When Salt Lake City officially evicted the last tenants of The Regis, a single-room occupancy hotel on State Street in March, the city’s Redevelopment Agency had counted on those units being replaced with 49 new units at the renovated Rio Grande Hotel at 428 W. 300 South, plus the 60 units available at Palmer Court, at 999 S. Main. Both locations, however, include restrictions on sex offenders and individuals with criminal records.

“There’s no replacement housing going up for that population,” Abegglen says. While Abegglen says SLCAP struggles to find housing for indigent tenants with criminal records, she also says SLCAP has its hands full dealing with the demand for housing for all low-income demographics, especially families. Abegglen’s organization regularly helps individuals and families looking for assistance with security deposits for apartments, usually several hundred requests a month. She recalls one time that her organization helped a sex offender with a security deposit, only to have the neighbors complain to the city the next day.

“People are leery, very leery [of sex offenders].” Abegglen says.

Councilman Luke Garrott, whose district include the University House, recognizes that the failure to address this kind of market is bad policy, but he also recognizes a big factor in the debate goes back to federal rules.

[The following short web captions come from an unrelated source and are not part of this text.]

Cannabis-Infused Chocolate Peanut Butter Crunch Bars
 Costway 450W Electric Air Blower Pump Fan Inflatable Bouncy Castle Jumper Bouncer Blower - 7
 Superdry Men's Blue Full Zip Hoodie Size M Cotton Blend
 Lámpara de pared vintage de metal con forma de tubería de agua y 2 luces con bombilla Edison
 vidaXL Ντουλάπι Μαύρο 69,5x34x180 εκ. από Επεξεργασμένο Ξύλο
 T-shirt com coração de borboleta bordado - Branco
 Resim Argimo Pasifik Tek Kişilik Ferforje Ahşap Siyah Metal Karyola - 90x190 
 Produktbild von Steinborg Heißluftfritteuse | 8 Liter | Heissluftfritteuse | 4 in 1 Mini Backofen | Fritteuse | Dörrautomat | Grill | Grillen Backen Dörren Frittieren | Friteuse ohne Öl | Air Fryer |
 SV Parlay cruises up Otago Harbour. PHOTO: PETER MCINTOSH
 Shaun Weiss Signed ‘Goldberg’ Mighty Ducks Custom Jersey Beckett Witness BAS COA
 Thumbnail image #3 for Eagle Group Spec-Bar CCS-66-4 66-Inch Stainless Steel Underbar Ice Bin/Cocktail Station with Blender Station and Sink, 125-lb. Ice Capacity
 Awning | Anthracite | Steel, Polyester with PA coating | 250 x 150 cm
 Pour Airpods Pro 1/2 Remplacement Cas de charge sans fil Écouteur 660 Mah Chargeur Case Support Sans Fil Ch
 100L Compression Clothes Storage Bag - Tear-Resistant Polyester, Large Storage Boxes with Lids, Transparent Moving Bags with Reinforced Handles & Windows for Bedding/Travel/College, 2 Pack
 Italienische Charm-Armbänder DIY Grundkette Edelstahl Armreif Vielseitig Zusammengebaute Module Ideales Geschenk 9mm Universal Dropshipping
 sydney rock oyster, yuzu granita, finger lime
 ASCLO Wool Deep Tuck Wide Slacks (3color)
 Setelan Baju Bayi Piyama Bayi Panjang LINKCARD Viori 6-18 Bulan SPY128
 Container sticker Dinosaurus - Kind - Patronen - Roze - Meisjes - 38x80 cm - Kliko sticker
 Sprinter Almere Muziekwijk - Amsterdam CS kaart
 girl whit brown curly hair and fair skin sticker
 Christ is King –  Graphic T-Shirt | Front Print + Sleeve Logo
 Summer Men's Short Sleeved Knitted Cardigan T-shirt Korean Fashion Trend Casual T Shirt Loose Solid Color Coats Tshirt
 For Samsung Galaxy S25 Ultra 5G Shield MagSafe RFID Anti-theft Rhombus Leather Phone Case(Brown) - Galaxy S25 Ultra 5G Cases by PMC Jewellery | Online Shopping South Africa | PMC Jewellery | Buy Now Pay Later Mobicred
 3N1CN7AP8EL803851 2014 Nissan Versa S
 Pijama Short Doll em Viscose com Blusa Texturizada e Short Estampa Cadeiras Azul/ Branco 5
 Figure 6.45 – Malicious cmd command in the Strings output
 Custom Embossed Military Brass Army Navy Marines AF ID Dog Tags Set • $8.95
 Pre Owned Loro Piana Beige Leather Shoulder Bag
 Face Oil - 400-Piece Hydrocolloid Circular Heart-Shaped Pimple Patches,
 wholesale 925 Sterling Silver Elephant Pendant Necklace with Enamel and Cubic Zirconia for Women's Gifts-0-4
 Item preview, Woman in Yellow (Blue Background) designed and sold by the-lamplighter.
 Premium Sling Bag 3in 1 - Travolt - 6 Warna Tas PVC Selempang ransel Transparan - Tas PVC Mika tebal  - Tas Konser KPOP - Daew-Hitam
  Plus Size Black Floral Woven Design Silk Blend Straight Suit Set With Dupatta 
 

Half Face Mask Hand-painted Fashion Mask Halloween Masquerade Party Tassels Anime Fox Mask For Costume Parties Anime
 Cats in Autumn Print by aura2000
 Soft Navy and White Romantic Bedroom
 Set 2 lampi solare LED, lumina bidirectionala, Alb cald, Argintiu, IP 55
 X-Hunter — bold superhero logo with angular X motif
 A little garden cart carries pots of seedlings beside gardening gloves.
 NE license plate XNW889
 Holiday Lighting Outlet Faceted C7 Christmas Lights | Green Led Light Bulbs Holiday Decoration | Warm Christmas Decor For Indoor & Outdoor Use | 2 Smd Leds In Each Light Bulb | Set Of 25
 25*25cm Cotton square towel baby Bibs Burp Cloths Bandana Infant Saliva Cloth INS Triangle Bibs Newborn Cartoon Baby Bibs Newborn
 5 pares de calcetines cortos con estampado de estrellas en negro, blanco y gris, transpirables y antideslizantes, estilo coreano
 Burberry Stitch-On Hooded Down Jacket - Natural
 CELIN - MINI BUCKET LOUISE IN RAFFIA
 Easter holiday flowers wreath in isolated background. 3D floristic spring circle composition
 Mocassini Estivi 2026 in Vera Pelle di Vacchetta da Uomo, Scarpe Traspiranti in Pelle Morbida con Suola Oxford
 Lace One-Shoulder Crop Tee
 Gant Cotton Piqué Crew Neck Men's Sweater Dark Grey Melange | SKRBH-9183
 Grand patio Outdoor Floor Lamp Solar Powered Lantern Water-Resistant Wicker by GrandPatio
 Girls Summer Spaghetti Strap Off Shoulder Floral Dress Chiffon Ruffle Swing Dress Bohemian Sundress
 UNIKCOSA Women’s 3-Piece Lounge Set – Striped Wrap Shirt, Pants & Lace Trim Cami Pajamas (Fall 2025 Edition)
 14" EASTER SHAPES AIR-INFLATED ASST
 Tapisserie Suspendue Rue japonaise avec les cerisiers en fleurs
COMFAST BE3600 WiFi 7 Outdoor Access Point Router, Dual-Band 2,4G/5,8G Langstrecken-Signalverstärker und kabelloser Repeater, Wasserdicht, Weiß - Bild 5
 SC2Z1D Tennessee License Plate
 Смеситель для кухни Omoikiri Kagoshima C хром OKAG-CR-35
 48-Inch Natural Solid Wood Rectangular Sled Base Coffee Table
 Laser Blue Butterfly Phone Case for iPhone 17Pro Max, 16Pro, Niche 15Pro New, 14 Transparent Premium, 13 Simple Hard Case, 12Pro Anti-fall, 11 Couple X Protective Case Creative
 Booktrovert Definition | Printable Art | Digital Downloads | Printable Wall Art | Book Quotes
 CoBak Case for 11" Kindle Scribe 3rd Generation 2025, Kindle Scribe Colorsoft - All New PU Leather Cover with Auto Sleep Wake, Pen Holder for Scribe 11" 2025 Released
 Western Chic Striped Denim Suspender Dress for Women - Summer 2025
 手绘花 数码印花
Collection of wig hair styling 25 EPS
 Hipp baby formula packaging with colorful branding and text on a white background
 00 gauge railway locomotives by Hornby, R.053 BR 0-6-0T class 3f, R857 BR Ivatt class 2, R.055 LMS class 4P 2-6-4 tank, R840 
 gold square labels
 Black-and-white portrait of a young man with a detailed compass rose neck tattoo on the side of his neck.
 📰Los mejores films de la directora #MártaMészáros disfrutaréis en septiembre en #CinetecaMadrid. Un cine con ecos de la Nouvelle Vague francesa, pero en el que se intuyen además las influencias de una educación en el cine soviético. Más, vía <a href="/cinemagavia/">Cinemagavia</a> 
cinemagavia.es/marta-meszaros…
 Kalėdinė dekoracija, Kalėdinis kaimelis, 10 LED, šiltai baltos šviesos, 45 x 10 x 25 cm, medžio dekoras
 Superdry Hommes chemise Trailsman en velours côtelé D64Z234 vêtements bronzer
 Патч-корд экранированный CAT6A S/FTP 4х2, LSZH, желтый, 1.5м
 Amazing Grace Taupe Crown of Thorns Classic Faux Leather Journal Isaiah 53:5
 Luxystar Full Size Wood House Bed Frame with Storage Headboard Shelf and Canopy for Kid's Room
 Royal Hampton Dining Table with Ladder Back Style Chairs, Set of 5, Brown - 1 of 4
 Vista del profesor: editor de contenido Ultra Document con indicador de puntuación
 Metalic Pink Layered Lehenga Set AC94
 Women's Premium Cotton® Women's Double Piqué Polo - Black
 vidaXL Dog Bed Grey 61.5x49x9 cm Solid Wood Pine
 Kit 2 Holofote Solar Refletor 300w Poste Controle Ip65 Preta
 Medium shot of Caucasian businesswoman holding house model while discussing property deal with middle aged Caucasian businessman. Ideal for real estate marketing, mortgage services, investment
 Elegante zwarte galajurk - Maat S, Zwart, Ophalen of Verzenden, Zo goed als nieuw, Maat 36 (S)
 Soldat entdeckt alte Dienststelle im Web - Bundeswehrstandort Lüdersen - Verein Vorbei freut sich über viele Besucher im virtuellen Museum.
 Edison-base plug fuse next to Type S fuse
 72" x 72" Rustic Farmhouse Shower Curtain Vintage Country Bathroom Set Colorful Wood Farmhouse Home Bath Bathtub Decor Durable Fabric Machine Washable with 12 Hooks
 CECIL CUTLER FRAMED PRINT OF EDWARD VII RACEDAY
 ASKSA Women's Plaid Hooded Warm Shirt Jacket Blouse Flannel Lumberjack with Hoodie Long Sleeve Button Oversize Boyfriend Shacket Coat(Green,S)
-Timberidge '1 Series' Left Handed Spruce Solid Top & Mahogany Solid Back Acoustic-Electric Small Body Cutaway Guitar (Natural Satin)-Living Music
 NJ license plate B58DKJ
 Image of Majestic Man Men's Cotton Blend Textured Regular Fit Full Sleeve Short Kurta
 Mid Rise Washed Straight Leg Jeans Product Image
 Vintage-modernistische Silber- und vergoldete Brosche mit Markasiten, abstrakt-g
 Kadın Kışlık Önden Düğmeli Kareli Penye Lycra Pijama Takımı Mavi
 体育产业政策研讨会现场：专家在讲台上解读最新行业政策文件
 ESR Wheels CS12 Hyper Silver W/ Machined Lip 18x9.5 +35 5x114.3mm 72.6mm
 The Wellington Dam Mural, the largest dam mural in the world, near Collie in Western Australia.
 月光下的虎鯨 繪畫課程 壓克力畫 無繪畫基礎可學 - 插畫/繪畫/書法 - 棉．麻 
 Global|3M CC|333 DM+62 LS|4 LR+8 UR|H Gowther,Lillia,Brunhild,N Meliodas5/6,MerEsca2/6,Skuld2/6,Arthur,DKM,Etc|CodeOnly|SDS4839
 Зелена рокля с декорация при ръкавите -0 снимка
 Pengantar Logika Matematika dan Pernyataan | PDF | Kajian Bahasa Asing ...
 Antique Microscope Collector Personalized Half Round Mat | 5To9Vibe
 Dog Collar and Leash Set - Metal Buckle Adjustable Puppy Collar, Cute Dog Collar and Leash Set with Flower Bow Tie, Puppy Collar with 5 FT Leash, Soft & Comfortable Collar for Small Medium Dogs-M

“It’s important we don’t stigmatize these people and create a radical, two-tier affordable housing market,” Garrott says. “But federal rules may be causing that to happen.”

Garrott says some of the major workforce housing projects, like the redevelopment of the old State Street SROs by developer Ben Logue, which are designed to create a mix of low- and middle-income units as well as retail outlets, are the only projects viable in the current economy. But the federal tax credits the developer will use come with strings attached that will shut out those with criminal records.

“It seems to me that most of the housing built in Salt Lake right now is using high-density federal tax credits,” Garrott says. “They’re the only people who can get loans.” Federal rules or not, Garrott also recognizes that housing rights for ex-cons and sex offenders is not the most politically popular issue to fight for, which is why discussions of the subject often get left on the backburner.

Meanwhile, residents like Haga and T are attempting to find new homes. For Haga, living on $674 a month of disability pay, he and his wife struggle with rental applications that can cost up to $45 to pay for background checks. T also worries about where he’ll end up, since he is currently finishing up a bachelor’s degree in history at the University of Utah, where he also works.

“They either want to keep me in prison forever or have me sleeping under the viaduct in a cardboard box,” he says.